Expenses of Solicitation
The Company will pay the cost of preparing, assembling and mailing this Proxy Statement and other proxy solicitation expenses. In addition to the use of the mails and the internet, appointments of proxy may be solicited in person or by telephone by the Company’s officers, directors and employees without additional compensation. The Company will reimburse banks, brokers and other custodians, nominees and fiduciaries for their costs in sending the proxy materials to the beneficial owners of the Company’s common stock.
Record Date
The close of business on March 19, 2009, has been fixed as the record date (the “Record Date”) for the determination of shareholders entitled to notice of and to vote at the Annual Meeting. Only shareholders of record on that date will be eligible to vote on the proposals described herein.
Voting Securities
The voting securities of the Company are the shares of common stock, no par value per share, of which 25,000,000 shares are authorized and 5,523,549 shares were outstanding on December 31, 2008. As of December 31, 2008, there were approximately 2,786 holders of record of the Company’s common stock.
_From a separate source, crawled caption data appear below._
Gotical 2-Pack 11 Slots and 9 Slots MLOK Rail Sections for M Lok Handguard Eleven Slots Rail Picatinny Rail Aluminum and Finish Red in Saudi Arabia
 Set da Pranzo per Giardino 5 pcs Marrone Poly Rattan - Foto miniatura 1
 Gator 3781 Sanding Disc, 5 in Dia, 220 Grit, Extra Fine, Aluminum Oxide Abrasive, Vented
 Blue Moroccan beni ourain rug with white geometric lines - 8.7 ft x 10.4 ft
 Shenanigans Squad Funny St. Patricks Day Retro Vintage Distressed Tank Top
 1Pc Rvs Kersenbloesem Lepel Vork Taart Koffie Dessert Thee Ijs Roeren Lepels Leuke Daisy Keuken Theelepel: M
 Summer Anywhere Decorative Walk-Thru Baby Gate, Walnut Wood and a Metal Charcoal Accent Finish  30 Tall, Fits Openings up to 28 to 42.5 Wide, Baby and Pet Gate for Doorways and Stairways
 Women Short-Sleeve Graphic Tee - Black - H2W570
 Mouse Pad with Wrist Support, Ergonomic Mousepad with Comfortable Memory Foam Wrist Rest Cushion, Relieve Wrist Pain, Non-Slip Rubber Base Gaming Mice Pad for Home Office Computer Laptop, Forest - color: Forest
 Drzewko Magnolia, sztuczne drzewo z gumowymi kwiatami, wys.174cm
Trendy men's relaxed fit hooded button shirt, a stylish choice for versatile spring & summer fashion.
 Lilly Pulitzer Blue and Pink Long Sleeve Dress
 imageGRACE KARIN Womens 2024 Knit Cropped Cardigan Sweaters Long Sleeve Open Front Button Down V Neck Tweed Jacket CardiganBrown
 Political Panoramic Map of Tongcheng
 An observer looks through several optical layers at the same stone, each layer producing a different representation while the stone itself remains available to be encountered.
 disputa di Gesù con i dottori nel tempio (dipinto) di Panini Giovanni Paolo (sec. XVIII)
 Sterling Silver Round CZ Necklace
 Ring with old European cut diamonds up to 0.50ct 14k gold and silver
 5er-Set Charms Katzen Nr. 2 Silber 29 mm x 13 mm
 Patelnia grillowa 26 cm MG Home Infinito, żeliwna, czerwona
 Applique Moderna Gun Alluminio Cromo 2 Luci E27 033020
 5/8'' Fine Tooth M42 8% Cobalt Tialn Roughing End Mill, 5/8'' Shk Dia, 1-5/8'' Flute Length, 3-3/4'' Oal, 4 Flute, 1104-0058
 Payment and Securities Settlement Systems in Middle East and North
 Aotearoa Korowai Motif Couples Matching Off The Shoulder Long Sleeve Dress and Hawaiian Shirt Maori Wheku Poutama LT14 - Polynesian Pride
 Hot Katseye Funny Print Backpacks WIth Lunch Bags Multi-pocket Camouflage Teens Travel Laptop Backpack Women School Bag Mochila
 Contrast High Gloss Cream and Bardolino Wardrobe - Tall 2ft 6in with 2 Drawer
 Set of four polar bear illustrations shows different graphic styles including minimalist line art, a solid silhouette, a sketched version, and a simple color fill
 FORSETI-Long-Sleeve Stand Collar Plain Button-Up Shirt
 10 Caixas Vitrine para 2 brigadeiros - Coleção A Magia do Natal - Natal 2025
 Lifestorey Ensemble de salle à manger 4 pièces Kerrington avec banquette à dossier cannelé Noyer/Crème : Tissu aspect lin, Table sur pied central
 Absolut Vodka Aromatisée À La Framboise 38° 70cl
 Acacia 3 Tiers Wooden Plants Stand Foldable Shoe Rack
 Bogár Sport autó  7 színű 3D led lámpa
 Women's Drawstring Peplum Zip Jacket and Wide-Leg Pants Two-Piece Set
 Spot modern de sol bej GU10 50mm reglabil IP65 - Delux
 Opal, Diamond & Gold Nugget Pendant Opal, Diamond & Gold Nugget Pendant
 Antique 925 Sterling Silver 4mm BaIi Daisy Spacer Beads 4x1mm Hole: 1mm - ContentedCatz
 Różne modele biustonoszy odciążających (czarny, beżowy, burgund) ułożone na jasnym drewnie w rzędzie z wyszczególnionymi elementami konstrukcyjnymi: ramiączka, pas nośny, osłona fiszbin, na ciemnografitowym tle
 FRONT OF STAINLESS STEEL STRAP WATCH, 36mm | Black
Voting Procedures; Quorum; Votes Required for Approval
Each shareholder is entitled to one vote for each share of common stock held of record on the Record Date on each director to be elected and on each other matter submitted for voting. In accordance with North Carolina law, shareholders will not be entitled to vote cumulatively in the election of directors at the Annual Meeting.
A majority of the shares of the Company’s common stock issued and outstanding on the Record Date must be present in person or by proxy to constitute a quorum for the conduct of business at the Annual Meeting.
Assuming a quorum is present, in the case of Proposal 1 below, the four directors receiving the greatest number of votes shall be elected. Abstentions and broker nonvotes will have no effect.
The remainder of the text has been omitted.